Auch aus diesem Grund empfiehlt Lukas Verlage, Geschäftsführer bei der Colt International GmbH, jungen Leuten, immer zuerst eine Ausbildung zu machen. „Man kann dann immer noch ein Studium aufsatteln“, sagt Verlage. Gerade im Handwerk sei die Duale Ausbildung unerlässlich und böte die Grundlage für gute Karrierechancen sowie ein ansprechendes Einkommen. „Was viele nicht wissen: Viele Handwerksbetriebe zahlen bessere Löhne als kaufmännische Unternehmen und das auch noch viel früher“, sagt Verlage. Der Colt-Chef ist überzeugt: „In zehn Jahren wird ein normaler Handwerker mehr verdienen als 70 Prozent der Studienabgänger.“
Prof. Dr. Eberhard Menzel, Beauftragter für die Funktion des Präsidenten an der Hochschule Rhein-Waal, appelliert an die Schulen, vor allen Dingen an die Gymnasien, die Begabungen der Schüler zu testen und sie auch für den Beruf und nicht nur fürs Studium vorzubereiten. „Am Gymnasium wird meist gar nicht Handwerkliches mehr gemacht“, sagt Menzel. Das sei ein Fehler; Menzel empfiehlt, spätestens vor dem Studium ein längeres Praktikum einzulegen. An vielen Hochschulen, auch in Kleve und Kamp-Lintfort, gebe es eine hohe Anzahl an Studienabbrechern. „Die müssen wir unterstützen und sie dazu geleiten, eine Ausbildung zu beginnen“, sagte der Professor. Auch im Vorfeld, sei mehr Beratung nötig. „Man weiß ja, das Viele ein Studium nicht schaffen“, sagte er. Bürgermeisterin Northing betont, dass die Stadt genau hier ansetze. „Wir haben ins Klever Schulmodell investiert. Dabei geht eine Person in die Schulen und berät die Schüler zu möglichen Berufen und Ausbildungswegen“, sagt sie.

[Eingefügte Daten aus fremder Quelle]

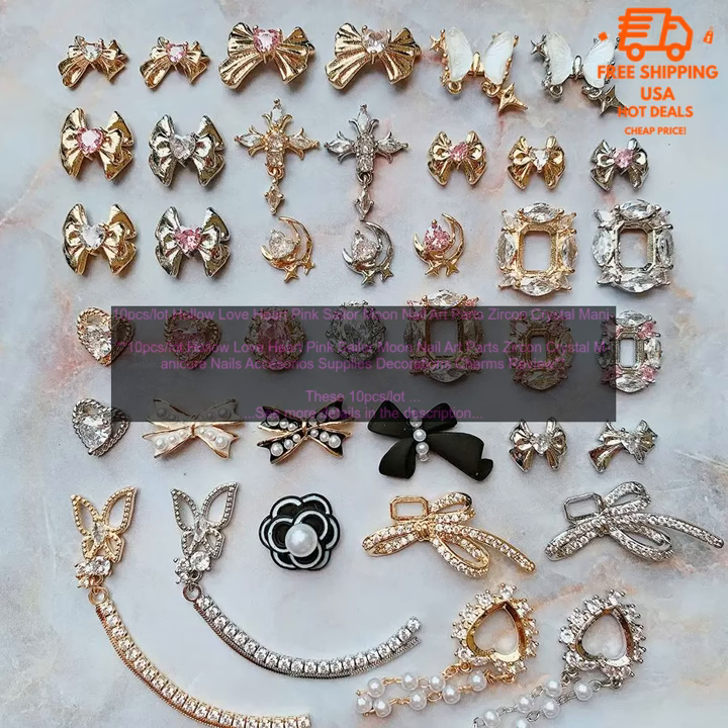Overall, these 10 PCs Lot Hollow Love Heart Pink Sailor Moon Nail Art Parts Sircon Crystal Manicure Nails Accessorios Supplies Decorations Charms are a great way to add a touch of sparkle to your nails. They are made of high quality materials, and they are easy to apply and remove. If you are looking for a way to add a little bit of bling to your nails, these charms are a great option.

Peter Janßen jun., Geschäftsführer des gleichnamigen Malerbetriebs aus Kleve, sagt: „Heute wird oft suggeriert, dass eine Karriere nur mit Studium geht. Das ist aber nicht so.“ Er kenne viele ehemalige Auszubildende, die heute als Meister tätig sind, teils angestellt und teils selbstständig, und dabei gutes Geld verdienen. Leider habe das Handwerk keine große Lobby.
Peter Wolters, Schulleiter des Berufskollegs des Kreises Kleve in Kleve, hat auch erst eine verkürzte Ausbildung absolviert, bevor er studierte. „Viele Schüler können diese Erfahrung gut gebrauchen. Das prägt die Persönlichkeit“, sagt er. In den vergangenen zehn Jahren sei die Hochschulausbildung „das Maß aller Dinge“ gewesen. Wolters: „Dabei haben wir gar nicht geschaut, was wirklich gebraucht wird.“ Er ist sich sicher: „Das Duale Studium ist das A und O.“
Michael Heyrichs von der CDU-Fraktion im Rat der Stadt Kleve, ist der Meinung, dass gerade an der Realschule in der Kreisstadt die Schüler gut auf den Beruf vorbereitet werden. Joachim Rasch, der Klever Wirtschaftsförderer, pflichtet ihm bei, dass an den Gymnasien zu wenig in Sachen Berufsorientierung passiere. Auch Professor Menzel sieht das ähnlich. Er fragt: „Brauchen wir wirklich Latein und Französisch und dann noch eine vierte Sprache?“ Für ihn sollte mehr Wert auf naturwissenschaftliche Fächer gelegt werden.
Am Ende der Zukunftswerkstatt waren sich jedenfalls alle Teilnehmer einig: Eine fundierte Ausbildung, sei, mit oder ohne Abitur, am besten vor dem Studium, bietet beste Karrierechancen.